Based on recent events, I’m restating that for a clinical assay, good quality control results do not imply good quality. Of course, good quality control results is a good thing and poor quality control results means that there are problems, but here are some examples where good quality control results don’t mean good quality.

  1. QC samples do not inform about patient sample interferences, which can cause large errors and result in patient harm. Such events could occur with perfect QC results.
  2. QC informs about biases that persist across time. For example if QC is performed twice per day, a bad calibration (where calibration lasts for a month) will likely be detected. But short term biases will likely be missed.

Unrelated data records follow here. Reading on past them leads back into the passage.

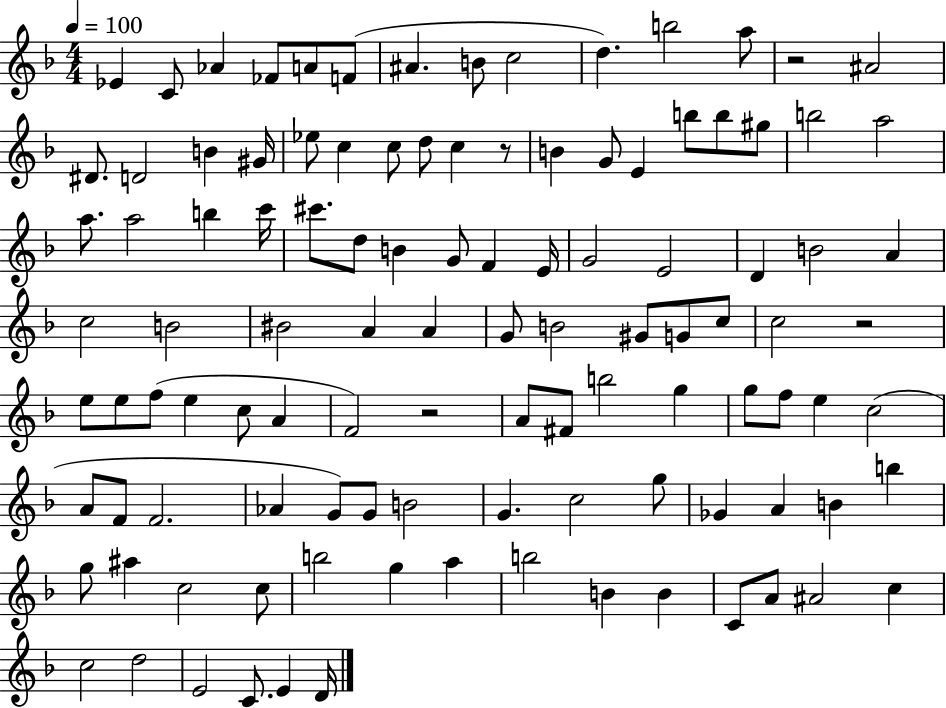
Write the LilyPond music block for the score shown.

{
  \clef treble
  \numericTimeSignature
  \time 4/4
  \key f \major
  \tempo 4 = 100
  ees'4 c'8 aes'4 fes'8 a'8 f'8( | ais'4. b'8 c''2 | d''4.) b''2 a''8 | r2 ais'2 | \break dis'8. d'2 b'4 gis'16 | ees''8 c''4 c''8 d''8 c''4 r8 | b'4 g'8 e'4 b''8 b''8 gis''8 | b''2 a''2 | \break a''8. a''2 b''4 c'''16 | cis'''8. d''8 b'4 g'8 f'4 e'16 | g'2 e'2 | d'4 b'2 a'4 | \break c''2 b'2 | bis'2 a'4 a'4 | g'8 b'2 gis'8 g'8 c''8 | c''2 r2 | \break e''8 e''8 f''8( e''4 c''8 a'4 | f'2) r2 | a'8 fis'8 b''2 g''4 | g''8 f''8 e''4 c''2( | \break a'8 f'8 f'2. | aes'4 g'8) g'8 b'2 | g'4. c''2 g''8 | ges'4 a'4 b'4 b''4 | \break g''8 ais''4 c''2 c''8 | b''2 g''4 a''4 | b''2 b'4 b'4 | c'8 a'8 ais'2 c''4 | \break c''2 d''2 | e'2 c'8. e'4 d'16 | \bar "|."
}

So if anyone claims, you can select your lab’s quality by running QC according to some scheme, it’s simply not true.

The basis of a spec

May 16, 2012

I proposed and was the chairholder of EP27, the CLSI standard about error grids. A while ago during the document development committee discussions, I suggested that an error limit specification contain two items – the level of error (e.g., ± 10%) and the percentage of results that would meet the limit (e.g., 95%). A committee member strongly objected and said no – the spec should be the level or error only. So I said, would it be acceptable for the 10% spec, if 20% of results met the spec. He said, of course no. So I said, what about 60%? He said again no and commented – I see where you’re going. Yes, the percentage of results is used to determine acceptability but is not part of the spec. So I said, a spec is a set of criteria and an evaluation is conducted to determine if those criteria have been met, but this line of reasoning didn’t convince him. There might have been more to this story but then I was unexpectedly and rather unceremoniously thrown off the document development committee.

Patients – the missing voice

May 24, 2011

An important question, when answered about an assay – is the performance good enough, is usually answered by a standards group. An example is the ISO 15197 standard for glucose meters.

The usual input into standards groups are manufacturers, clinicians, regulators, and laboratorians. Within these groups, manufacturers tend to dominate. This was true for ISO 15197.

But one voice is often missing – that of patients. This is particularly important for glucose, where patients act as clinicians and laboratorians.

The FDA meeting last year did have a patient advocate and patients have commented on the FDA meeting, here and here.